Having regard to this and in particular the possible requirements of minority shareholder approval, it is possible that WHL may not be able to implement some of these intentions.

7. Profile of Quantify

This Section contains more detailed information on Quantify’s businesses, financial outlook and the management of Quantify.

7.1

Overview of Quantify

Quantify was incorporated on 17 September 2012 as an Australian proprietary limited company.

In February 2015, Quantify acquired certain intellectual property rights from entities associated with Mr Mark Lapins (the current Managing Director of Quantify), Lapins Holdings Pty Ltd as trustee for the Lapins Family Trust and Cuda Development Corporation Pty Ltd ( Cuda ), and commenced its current business.

Quantify currently owns various intellectual property as summarised in Annexure C of the Bidder’s Statement ( Quantify Intellectual Property ).

Quantify is a first mover in the Internet of Things ( IoT ) market, with an initial focus on intelligent building technology.
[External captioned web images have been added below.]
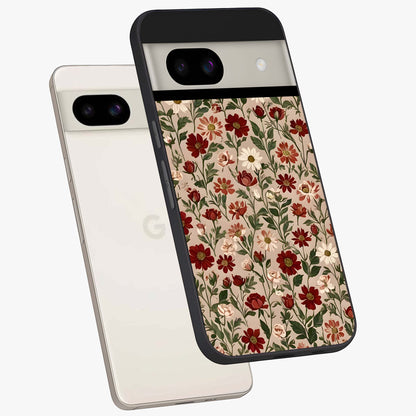 Biege Flower With Leaf Glass Case displayed in angled mockup highlighting minimal floral leaf design and elegant aesthetic.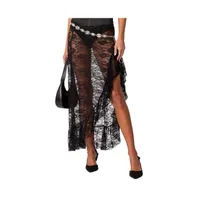 Women's Asymmetric ruffle sheer lace maxi skirt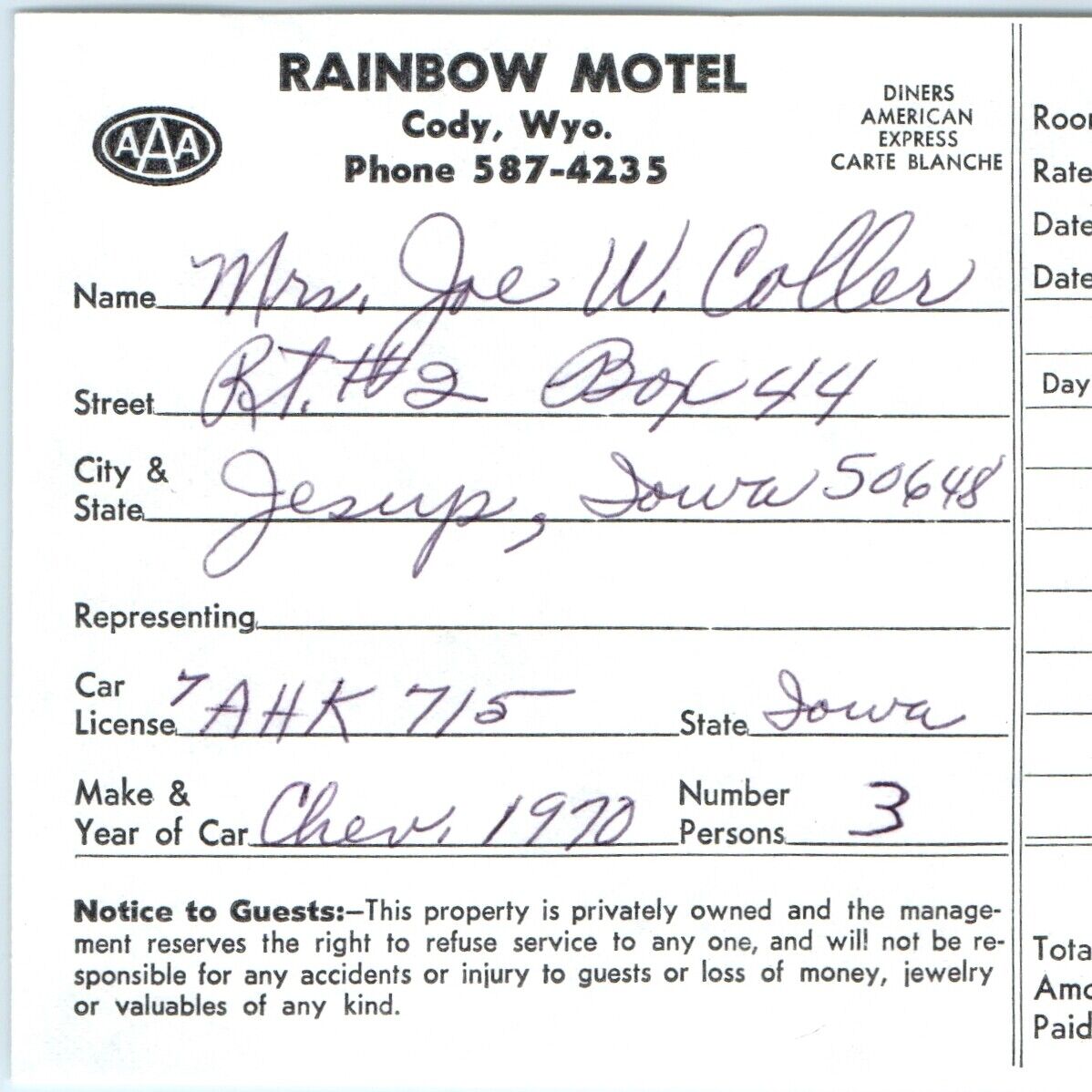 1975 Cody, Wyoming Rainbow Motel Registration Receipt Ephemera Vtg Hotel 2B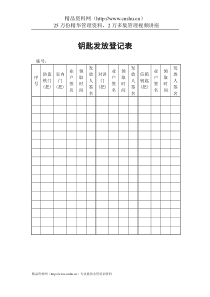 物业管理表格-钥匙发放登记表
It is primarily a developer of hardware and software devices that enable the monitoring and management of the next generation of internet enabled devices (from lighting, power, heating and cooling systems to previously almost any device interacting with electrical power with the capability of communicating data) installed in buildings (the Quantify Business ).

Quantify’s patented flagship product, the Q Device, provides real-time evaluation of environmental and risk factors for building occupants, as well as proactively managing services and utilities to ensure the highest levels of efficiency are achieved – for example, maximum energy efficiency - to create truly intelligent buildings.
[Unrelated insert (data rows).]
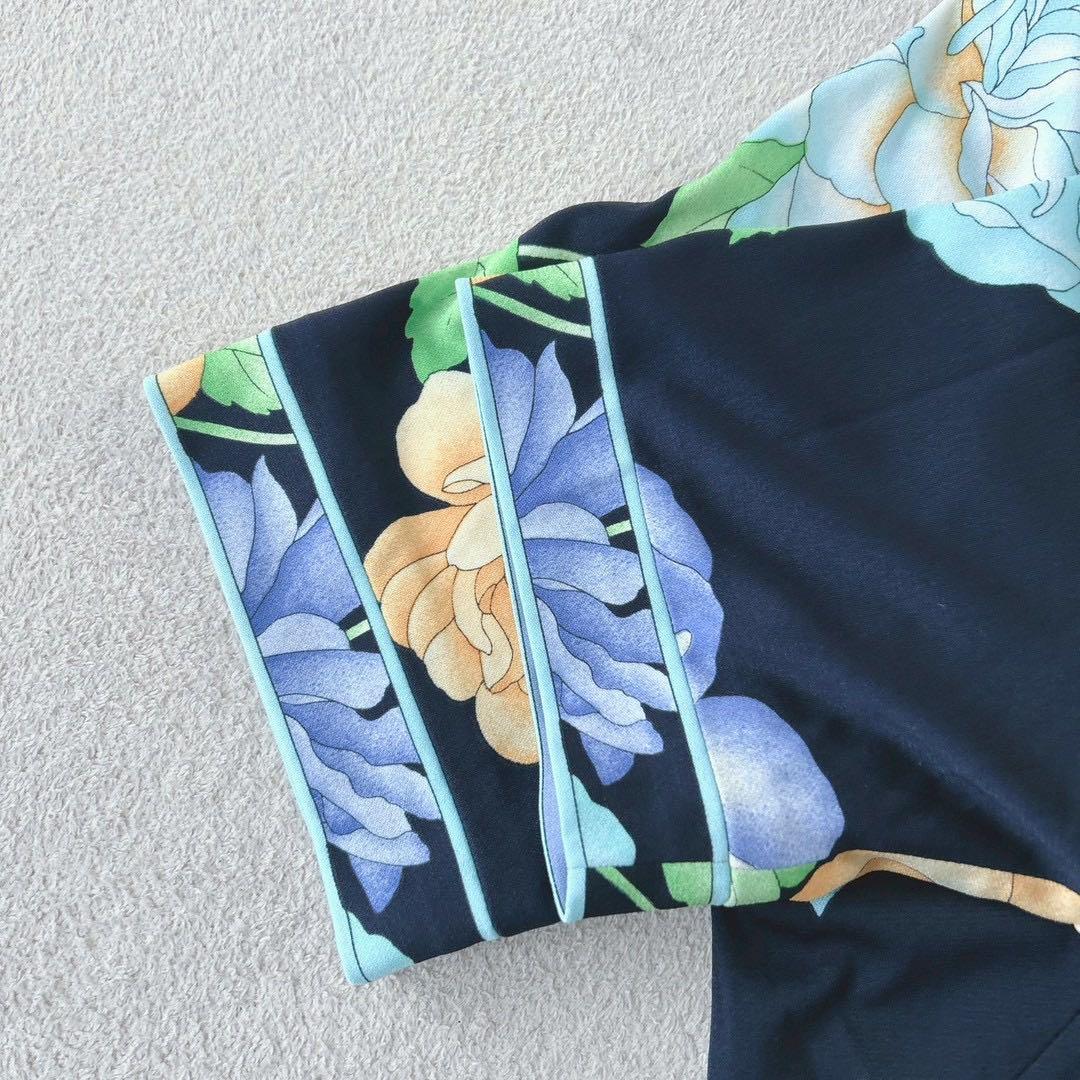 美品✨レオナール　ブラウス　半袖　花柄　トリム　　カンカン素材　ブルー　L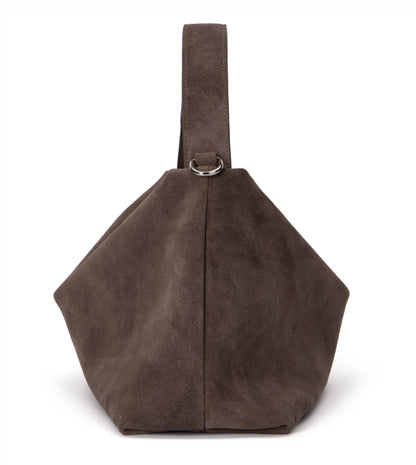 Smoky Quartz Suede Shoulder Bag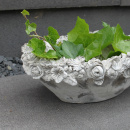 Vintage Blumenschale Oval Grau Landhaus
Quantify’s products are designed to be retrofittable, cost effective, simple, scalable, extensible, autonomous and secure, and aim to allow IoT solutions to become part of the fabric of buildings - redefining the industry standard with a view to making Quantify’s solution the platform of choice.

Quantify converted to an unlisted Australian public company on 25 May 2016.

7.2

Quantify Board of Directors

As at the date of this Bidder’s Statement, the directors of Quantify are:

Mr Mark Lapins – Managing Director;

Mr Aidan Montague – Executive Chairman; and

Mr Alex Paior – Non executive Director.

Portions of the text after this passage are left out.